Eprouvant soudain un pressant besoin de se laver et de tranquilliser ses sens, la jeune femme s’empara de sa trousse de toilette et se dirigea vers l’installation sanitaire bâtie à côté du campement. La nuit était calme. Le vent s’était apaisé. Elle aperçut au loin le feu des fouilleurs dont les rires et les chants se mouraient dans le désert. Elle savait qu’à cette heure la douche était toujours vide. Elle avançait, s’éclairant avec sa lanterne sourde qui rayait l’obscurité d’un jet pâle. La sueur de nouveau coulait abondamment sur sa peau. Ses tempes bourdonnaient. Une tension douloureuse, que l’oppression de la chaleur n’expliquait qu’en partie, asservissait son corps, et elle se languissait d’arriver. Mais en approchant elle vit une lumière, elle entendit le bruit des gouttes qui tombaient sur le sol, et elle comprit qu’un homme avait eu la même idée qu’elle. Par conséquent, il lui fallait attendre. Attendre ! Alors que montait dans tout son corps une impatience irrépressible, insoutenable, une rage exaspérante ! Il lui fallait une douche, et immédiatement ! Les coulées de sueur qui ruisselaient de sa tête à ses pieds lui étaient devenues insupportables. Elle avait l’impression que ce déluge de sécrétion ne prendrait jamais fin, qu’elle allait finir ses jours en état de sudation chronique. Chaque minute, chaque seconde d’attente la mettait au supplice. Aussi, ne put-elle résister au besoin de savoir si le mystérieux indélicat en avait encore pour longtemps. Un simple coup d’œil entre les planches disjointes de la cabine de fortune suffisait pour se renseigner… Mais il y avait un autre motif, une envie moins avouable, qui la guidait également : l’étrange nécessité de contempler un homme nu ! Peu importait le physique ou l’âge de cet homme. L’essentiel était qu’il possédât entre les cuisses un exemplaire vivant de ce qu’elle avait palpé pendant des heures dans une version pétrifiée. Oui, elle souhaitait maintenant regarder ça en vrai, pour la beauté de la chose !

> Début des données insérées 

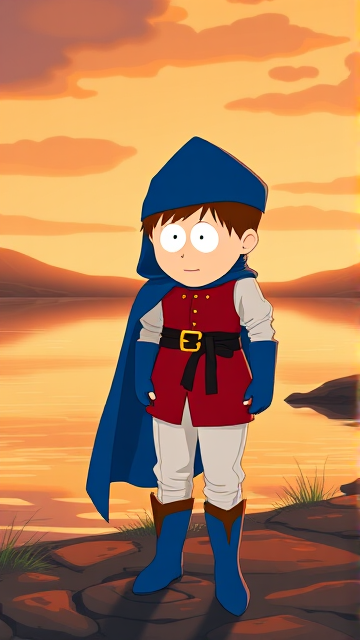 Clyde Donovan from South Park, light skin and brown hair, but as a 14-Year Old, dressed as a medieval prince with a red shirt with white sleeves, a black belt with a gold buckle, white pants, blue boots, blue long-cuffed gloves, and wreathed in a really big, heel-length long, ultra-wide blue hooded cape, now known as Prince Donovan. Despite still being a kid, he is the Youngest Ruler of South Park, Colorado, but now reborn as the real life Kingdom of Kupa Keep, Zaron, and Prince Donovan is its youngest and greatest hero. The young teenage prince of Kupa Keep is currently standing by the shoreline of a lake, looking out to the horizon and wondering what his next adventure will be.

Une inspection rapide des environs l’ayant assurée que personne ne pouvait la surprendre dans cette coupable posture, l’archéologue plaqua son œil droit contre une des fentes qui donnaient sur la douche. D’abord elle distingua un dos plein de savon. Puis un visage : celui de Souakim ! La tristesse et le mal-être qui se lisaient dans ses traits lui rappela immédiatement qu’elle ne s’était guère souciée du pauvre garçon après l’humiliation qu’il avait endurée. Elle ne l’avait même pas encore remercié ! Sans doute le jeune homme croyait-il qu’elle ne lui donnerait aucune récompense, que ce qu’il avait découvert était effectivement sans valeur ? Comment avait-elle pu être aussi inhumaine ? Désormais une irrépressible impulsion la poussait à rejoindre le jeune Soudanais sous la douche. C’était un de ces réflexes qui font fi des convenances, un élan du cœur. Souakim souffrait. Or cette souffrance, dont en partie elle se trouvait responsable, elle désirait l’abolir par un don de tendresse ! Quoi de moins raisonnable ? Mais quoi de plus naturel !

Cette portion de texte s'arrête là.